▸ **ASSIGNED TASK**: The line with "Robinson espera un rebote junto a Shurna." marks where to begin; print it and all lines after it in the material below exactly, skipping pictures.

▸ **DATASET SECTION**:
┄┄┄┄┄┄
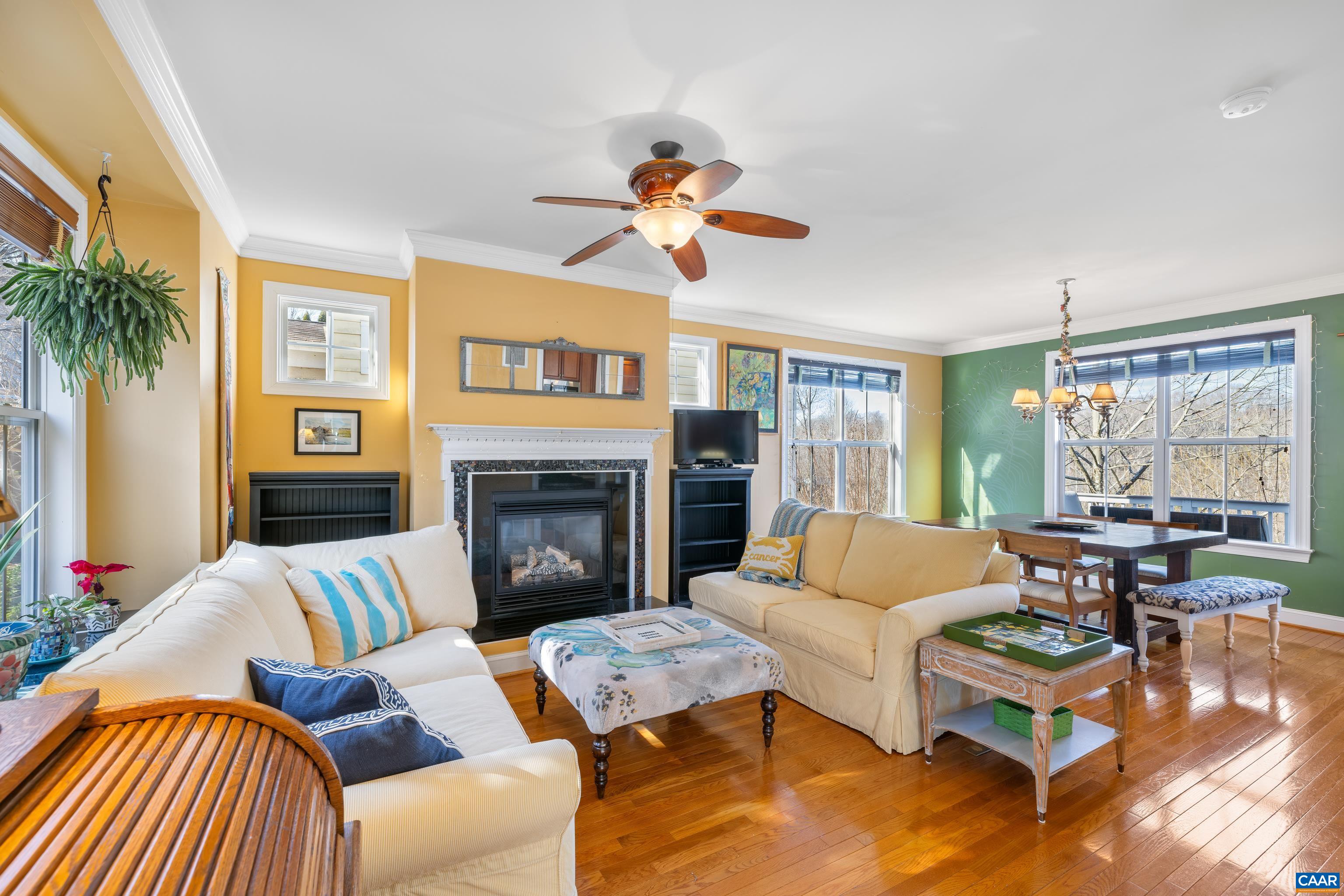 1111 SAINT CHARLES CT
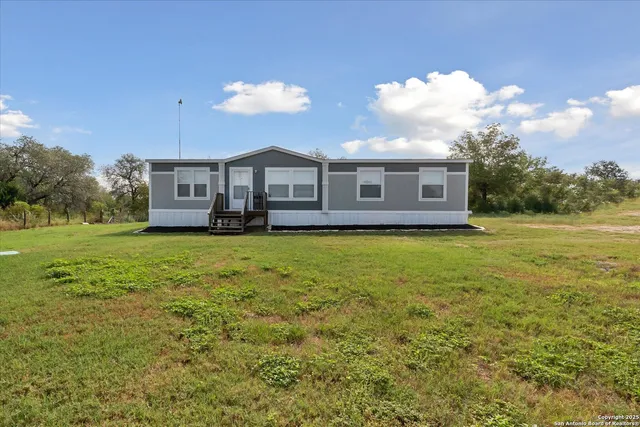 $392,000 | 385 Forest Oaks Drive, Somerset, TX 78069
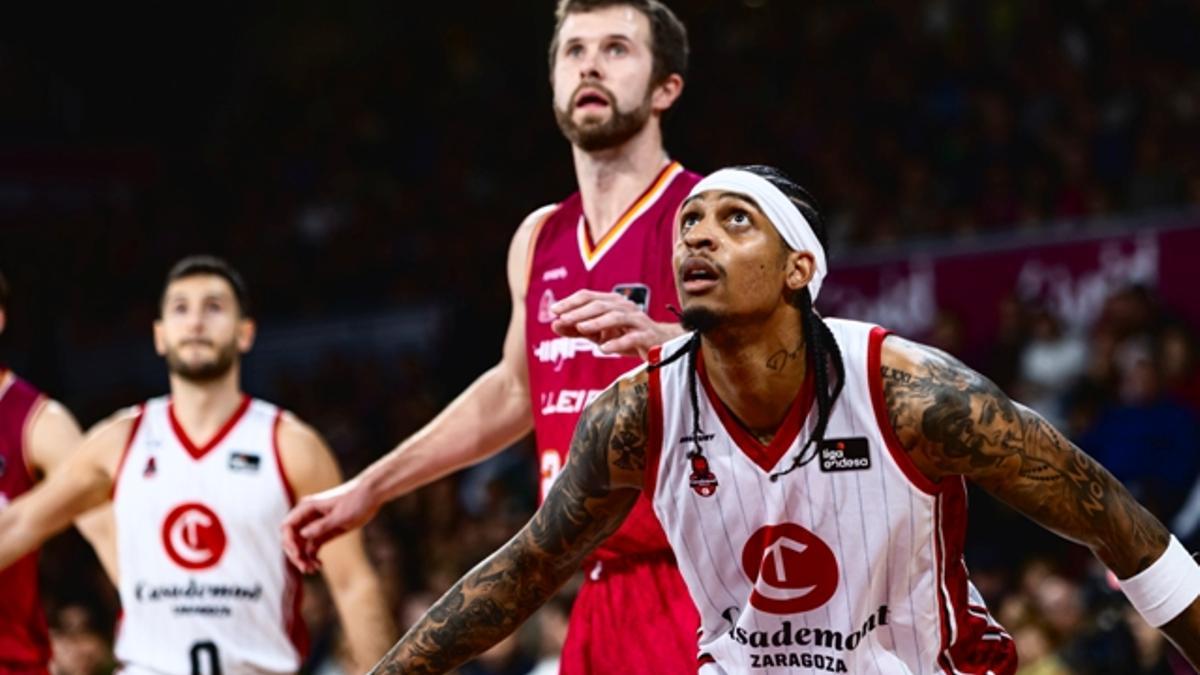 Robinson espera un rebote junto a Shurna.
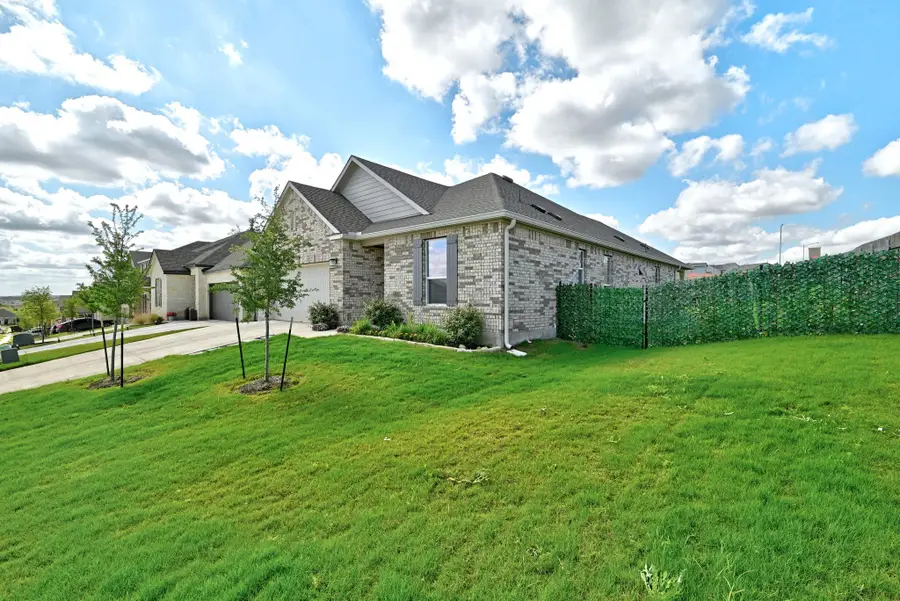 7201 Calliope Xing, Austin, TX 78744 - #3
┄┄┄┄┄┄
▸ **SOLUTION TO THE EXERCISE**:
 Robinson espera un rebote junto a Shurna.
 7201 Calliope Xing, Austin, TX 78744 - #3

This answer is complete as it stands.